Too Many White Men on Wall Street

By Julie Steinberg -

Wall Street firms are undertaking a case study of their own: how to attract lesbian, gay, bisexual and transgender (LBGT) talent and make them feel comfortable in their respective environments. Firms are anxious to court LGBT students and senior hires and are nervous they're missing out on a group of top talent.
Goldman Sachs "won't be able to grow as a firm unless it attracts senior lateral LGBT talent," said Tami Rosen, a managing director in human capital at the firm. She was speaking on a panel about LGBT recruitment on Wall Street at the Out on the Street LGBT Leadership Summit panel hosted at Deutsche Bank's headquarters in New York on Wednesday.
Goldman isn't the only one -- firms across Wall Street are well-aware that the business still maintains an image of being dominated by white, heterosexual males, and that this image hurts their ability to recruit people from diverse backgrounds.
"It's seen as the realm of the white male heterosexual frat boy," said panelist Olly Wilson, an undergraduate at Duke University. "It turns [LGBT people] off from a career in banking."
The panel concluded that firms have encountered some difficulties in recruiting LGBT talent.
"We're all competing for talent," said Jeff Siminoff, global head of diversity and inclusion at Morgan Stanley and the moderator of the panel. "We blow it if we don't attract this group of students. We need to fully integrate LGBT community into our recruiting strategies."
Because recruitment happens so quickly, it can be tough to make inroads with LGBT students, according to panelist Erin Wilson, an MBA candidate at the Tuck School of Business and an upcoming summer associate in investment banking at Credit Suisse. Wilson was referring to the short amount of time recruiters spend recruiting on campuses, leaving them little time to spend attracting and establishing rapport with LGBT students who are reluctant to join an industry with finance's reputation.

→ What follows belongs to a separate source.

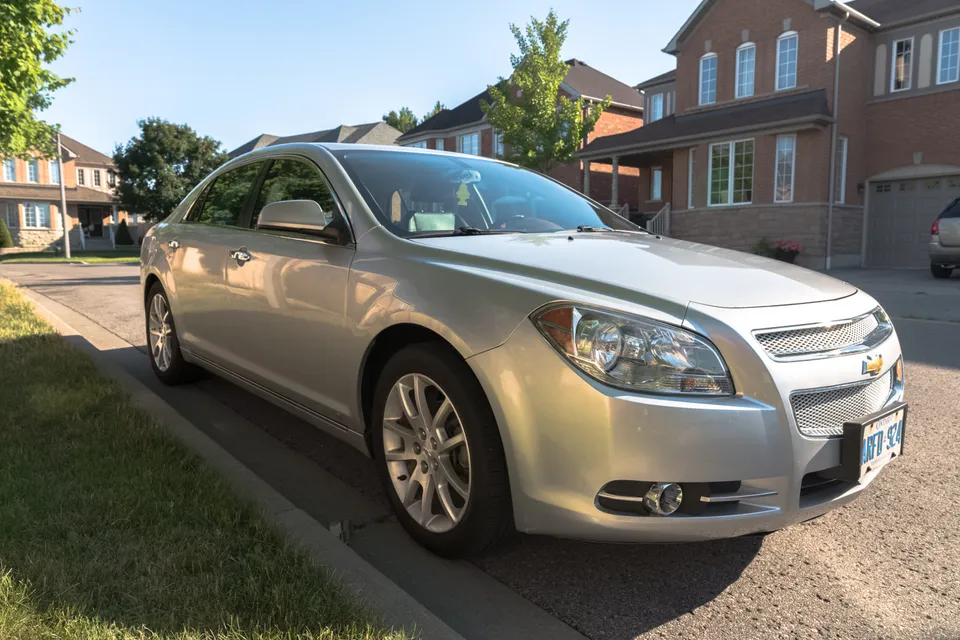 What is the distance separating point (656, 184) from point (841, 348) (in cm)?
2669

Geography is also an issue. Panelist Jeff Davis, head of equities business and market strategy at Barclays Capital, said the firm mostly does diversity recruiting at schools in New York but at few schools elsewhere, which leads to a weak pipeline of diverse recruits.
Finance firms are responding by going outside of New York for specific LGBT recruiting events and creating materials focused on LGBT recruiting that stress a welcoming environment.

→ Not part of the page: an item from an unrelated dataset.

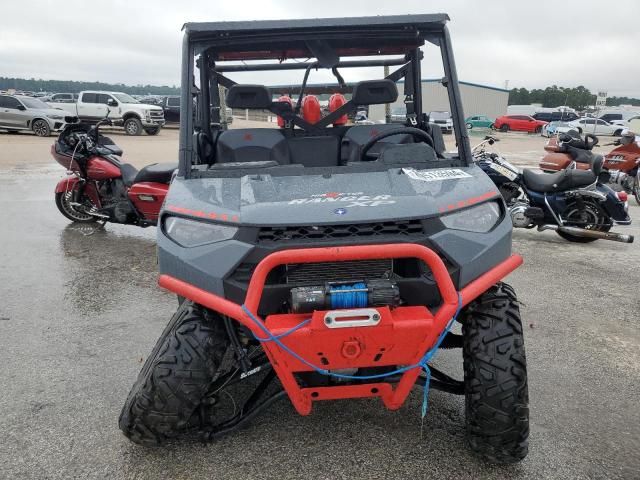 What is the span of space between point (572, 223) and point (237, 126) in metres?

Credit Suisse, for example, recently attended a conference in Orlando, Florida held last June by the Consortium, an organization that promotes diversity and inclusion in American business. The bank attended specifically to scout for LGBT candidates and invited Wilson, among others, to attend a special recruiting event in New York at the bank's headquarters.
Goldman Sachs is making its marketing and brochure materials more LGBT-friendly to project an image of inclusion, said Rosen. She wants to start sending out different recruiters who will bring back a sampling of diverse candidates, instead of "people who will bring back the same people."
Firms are also becoming increasingly flexible and encouraging new LGBT hires to ask for what they want. Davis of Barclays, for example, said that he was used to a culture at Lehman that welcomed gays, so much so that they hosted a party called "Too Gay to Fail." When he moved to Barclays, he simply asked for what he wanted -- like domestic partner tax benefits.
"The more we asked for, the more senior management said yes," Davis said.
There's still much work to be done, but "this conference would not have taken place 10 years ago," Siminoff told FINS.
The summit will meet again next year to assess firms' recruiting strategies that they put in place to attract the best talent.
"Ultimately, what we want is what everyone else gets," Wilson of Duke said. "To be seen for who you are and the work your produce."
The summit was convened by Deutsche Bank, Bank of America Merrill Lynch, Barclays, Citigroup, Goldman Sachs and Morgan Stanley.